I shook my head. "Sincerity can drive a task force or project to a wrong or too quick conclusion. Everyone concerned feels they must produce something or their time has been wasted. But that's been covered. I want something new."

"Write about Money mag's bogus count," said Sloan Down. "They listed Boulder as first in the west among medium cities with populations over a quarter million and Fort Collins as first among small cities of 100,000 or more. But we're both about the same size."

"Don't write about that," said Seymour. "It'll just bring more people to town and we don't need them, especially the kind that read Money magazine."

"Money's a good magazine," hollered Sue. She swung her gold slide ukulele at Seymour. Barb and Jan had to drag the two away.

"Why don't you write about how physicists discovered the neutrino has a mass which means the universe will collapse into another Big Bang," said a science geekette.

I shook my head. "Too technical. I try to avoid subjects people really don't care about --"

"Entropy will always increase," yelled Ferd the nerd. He twisted one of the dials on his laser light tuner and started aiming it. The woman picked up her electronic jaw harp.

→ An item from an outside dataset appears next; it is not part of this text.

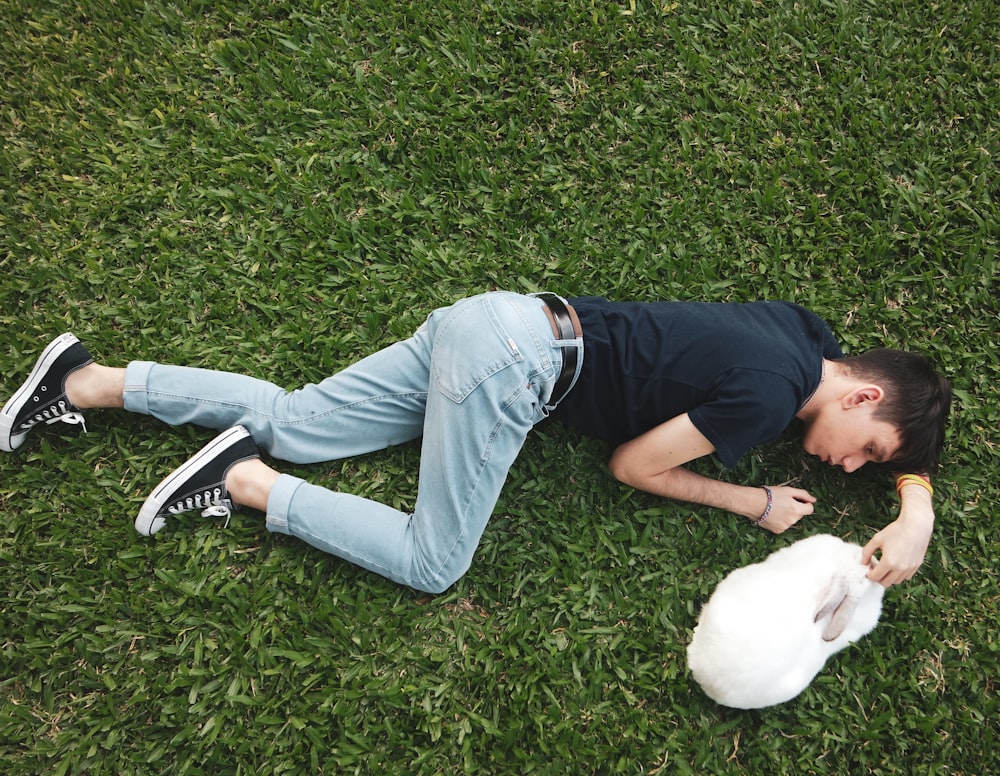 woman in black shirt lying on green grass field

Paul and Diane dragged the two out the door.

"Maybe you should write about how stupid Shockley's stand is on concealed weapons," said a guitarist.

"What!" yelled a banjo picker. "He's increasing public safety." "Is not!" They lit into each other.

"You're both stupid," yelled Tanya Hide as she fired up her chainsaw. "The Sheriff's election should be decided on important issues." Her two-cycle whined and pieces of wood and metal flew everywhere.

Someone said, "Speaking of elections, I'd vote for Lorena Bobbit for White House intern," and everyone joined the melee. A paintball shot past my head as bartenders and police rushed in to break things up. I ducked in a corner with Zeke who was using his hammered dulcimer as a shield. Finally, it grew quiet. We peeked out into an empty room.

He laid his dulcimer down. Broken strings splayed from his damaged instrument. A dozen loose ends wavered in my face like cobras. "It's too bad you don't like to write about violence," said Zeke. "This would make a good parable about emotions overriding sensible discussion."